Professor Richard Fawcett OBE speaking at Pluscarden Abbey

On Friday 4 November Professor Richard Fawcett OBE gave an illustrated Talk to the community on the buildings we live in.

Dr. Fawcett is Emeritus Professor of Architectural History at the University of St. Andrews in Fife. Among his many other titles, he is a Fellow of the Royal Society of Edinburgh, and a Fellow of the Societies of Antiquaries of London and of Scotland. A recently published book of his is on "The Architecture of the Scottish Mediaeval Church, 1100 - 1560" (Yale 2011). Currently Dr. Fawcett is leading a research project on the Mediaeval Parish Churches of Scotland. More than once he said that the Pluscarden collection of buildings is his favourite in the country: and indeed he probably knows more about them than anyone else alive.

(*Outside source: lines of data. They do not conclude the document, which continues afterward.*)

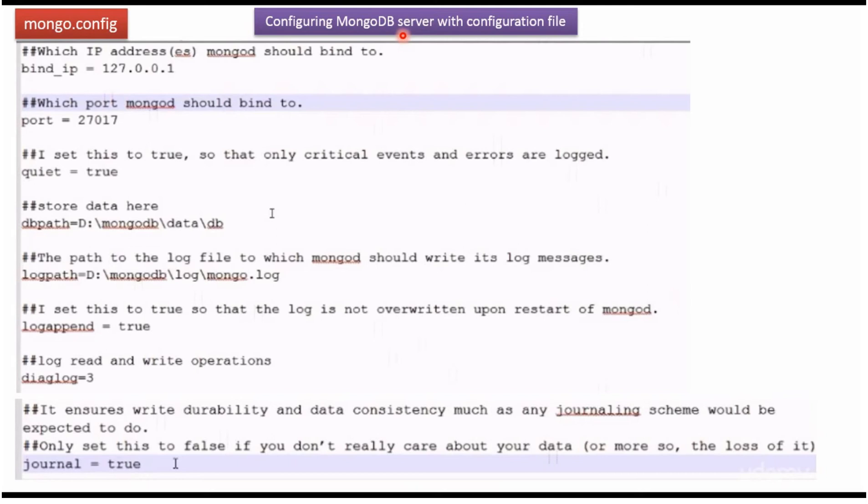In this video tutorial I will explain how to configure MongoDB server with configuration file. First we have to create mongo.config file in that we have to define all the configuration.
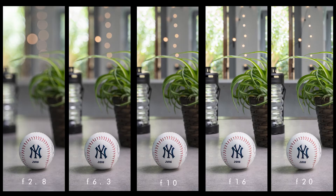The wider the aperture — meaning the lower the f-number — the shallower the depth of field. An aperture of f/1.4, f/1.8, f/2.8, up until f/4 usually gives a very creamy, blurry background.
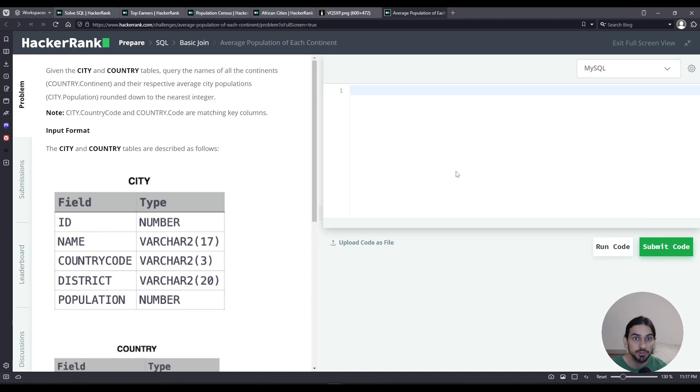Hey everybody, I will do average population of each continent, an exercise for the basic JOIN section of SQL on HackerRank.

The Talk was lively and most interesting. In particular Dr. Fawcett illustrated features of our architecture by comparison with other buildings, whether in Scotland or in Europe as a whole. Of course the frequent adaptations or radical re-buildings over the centuries mean that some enigmas remain impossible to solve. Nevertheless, with a certain amount of educated guess work, we can be fairly confident about what Pluscarden would have looked like in around, say, 1270 (when the initial building phase was completed), and 1400 (after the presumed deliberate destruction by the Wolf of Badenoch), and 1470 (after the re-building campaign by the Benedictines), and 1560 (when monastic life became illegal, along with the practice of the Catholic Faith). We can also guess at what was probably planned but never completed, such as a higher tower, and perhaps various features of the Nave.

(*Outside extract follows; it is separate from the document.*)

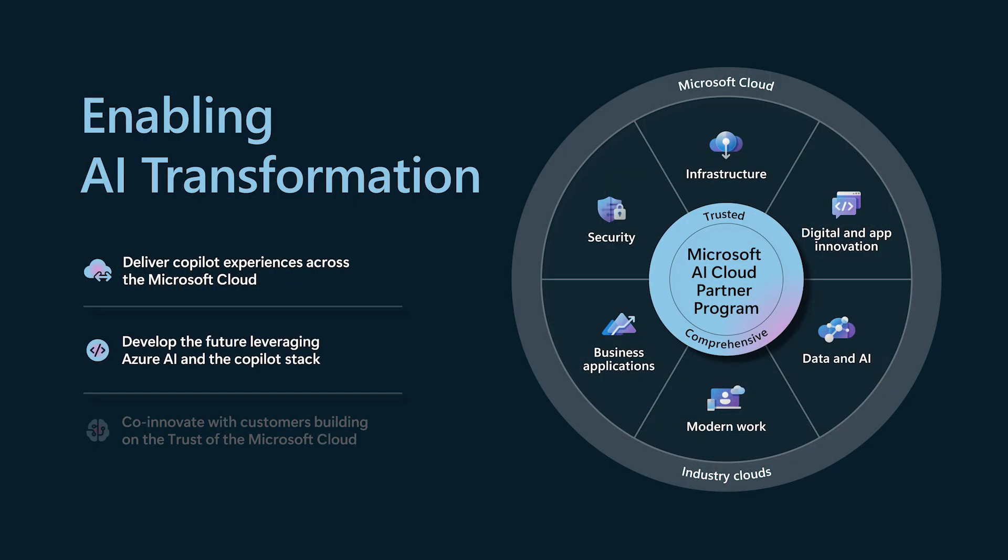Then the integrated partner ecosystem and all of the value we can add with your copilots and all of the new innovation that's built on the Azure AI platform.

Other less strictly architectural matters of historical interest were touched on: such as the foundation of three Valliscaulian Houses in Scotland, all at around the same time, in the year 1230; with Pluscarden by far the grandest, and the only one with Royal patronage. Or: why a King of Scotland at the time might want to spend so lavishly on such a project at all? Or: what was the relation between the masons who constructed Pluscarden, and those who built Elgin Cathedral? Or: what currents of thought and experience were influencing the Pluscarden masons; and why is the design of our North Transept so different from that of the South Transept? Or: where were the Choir Stalls, and where were the side Altars?

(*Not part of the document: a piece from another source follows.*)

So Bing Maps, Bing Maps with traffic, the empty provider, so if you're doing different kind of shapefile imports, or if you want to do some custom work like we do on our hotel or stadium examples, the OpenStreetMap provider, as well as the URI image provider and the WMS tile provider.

We are extremely grateful to Professor Fawcett for coming to speak to us about all this. Some of it we knew; some of it we thought we knew, but didn't really; some of it was completely new to us. We hope we will have other opportunities in future to benefit from Professor Fawcett's vast knowledge and expertise in all matters to do with Scottish mediaeval history and Church architecture.